John Keene and African American short story writers, Pt. 1

 
One advantage of my communal postponement (CP) time arrival to the online conversation about John Keene's powerful collection Counternarratives (2015) is that I can get a sense of areas for further discussion concerning his work. Off the top, it occurred to me that not enough has been said about how his work links to and departs from various other African American short story writers. Pinpointing where Keene fits into that mix is especially important for those of us who teach African American literature each semester.

In general African American literature courses, students are expose to a recurring or overlapping core of canonical short story writers, including Charles Chesnutt, Zora Neale Hurston, Richard Wright, James Baldwin, Toni Cade Bambara, and Alice Walker.
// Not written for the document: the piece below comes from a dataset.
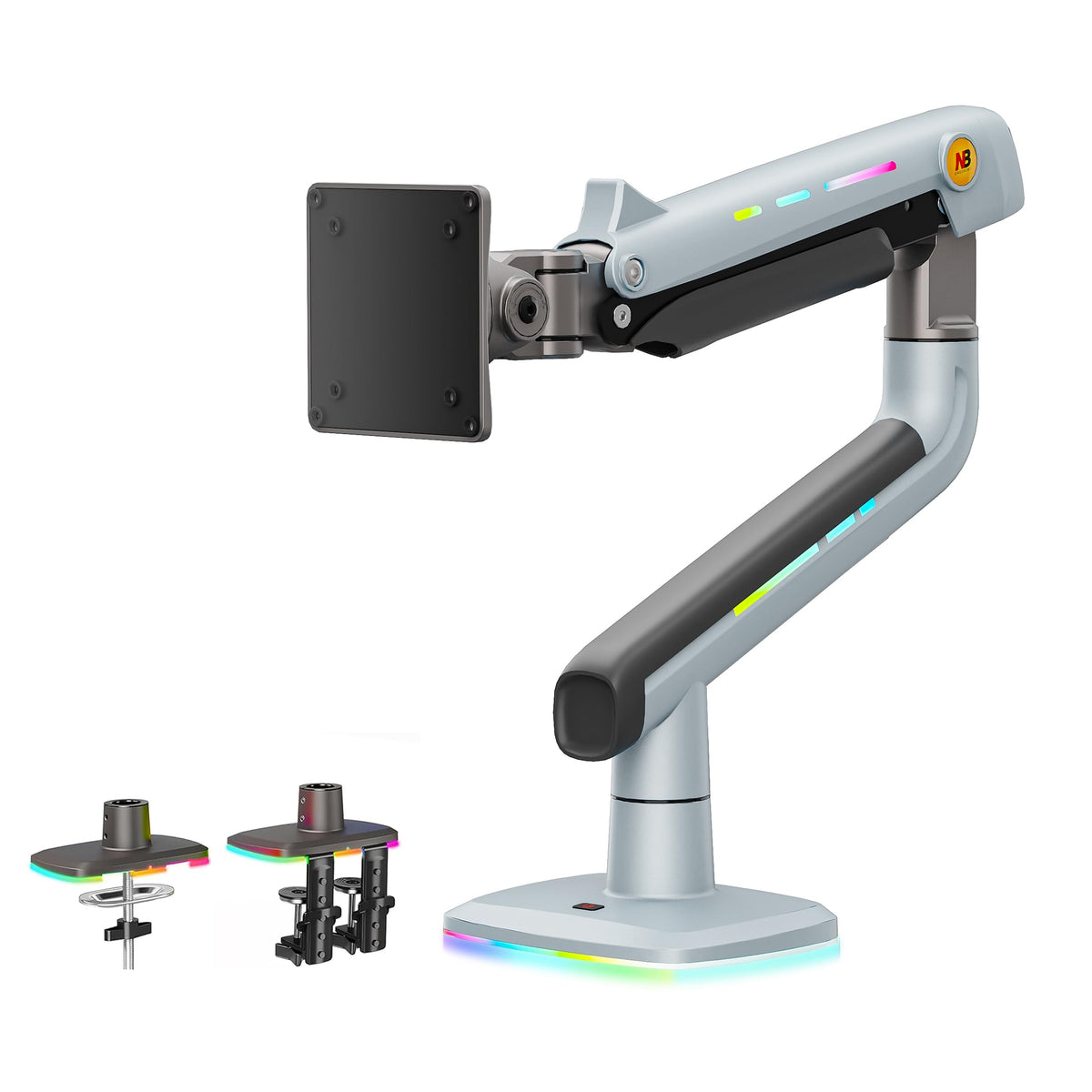 NB Gaming Monitor Arm or for 32 to 60 Inches Screen, Load up to 20 kg, VESA 75/100, RGB-Light, Heavy Duty, Multi Angle Adjustable, Premium Aluminum, Blue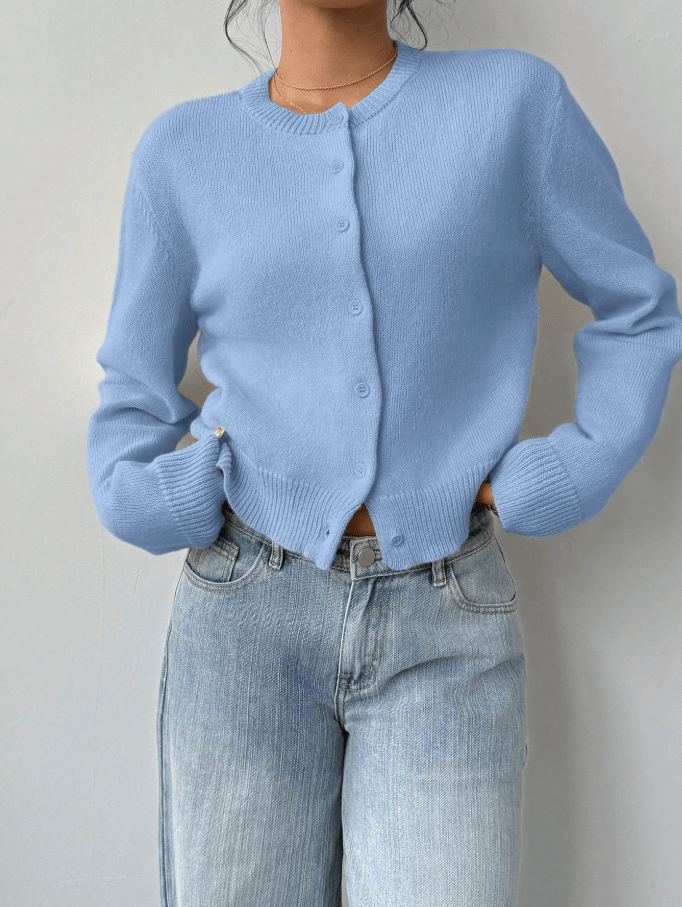 Emilia Button Front Knit Cardigan - Women's Layering Cardigan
Students are sometimes introduced to the work of Charles Johnson and Octavia Butler, and in recent years, Edwidge Danticat and Edward P. Jones are included in the mix. Obviously, there are many more short story writers out there, but based on reviews of syllabi, tables of contents for anthologies and scholarly journals, stories by most of those figures appear most frequently. 

Keene's work compliments, and in some ways extends, the writing by those figures in important ways. First and foremost, Keene devotes his energies, as the titles of his collection suggests, to countering official or dominant narratives or presenting sometimes hidden narratives. In this regard, his writing corresponds to some what we see in works by Chesnutt, stories in Johnson's Soul Catcher, and others.

Next, memorable black characters. Keene presents us with this rebellious runaway slave; he re-presents Jim from Huckleberry Finn, Langston Hughes, Du Bois, and the acrobat Miss La La, the subject of a painting by French Impressionist artist Edgar Degas. Here, Keene's focus on notable characters places him in league with protagonists who emerge in Hurston's "Sweat" and "Spunk," Wright's "Big Boy Leaves Home," and Baldwin's "Sonny's Blues."

There are important areas of divergence in Keene's work as well though when it comes to African American short story writers. For one, and I'll blog about this more at length soon, he really expands our sense of coverage in relation to historical time and geography. By and large, the aforementioned writers concentrate on events that take place in the 20th century, with a few pieces concentrating on the late 19th century. And, the events take place in the U.S.

Keene goes as far back as the 17th and 18th centuries. Brazil and Haiti also become important settings in his work. Those features, as well as his style of writing, suggest that his work makes important contributions to the tradition of African American short fiction.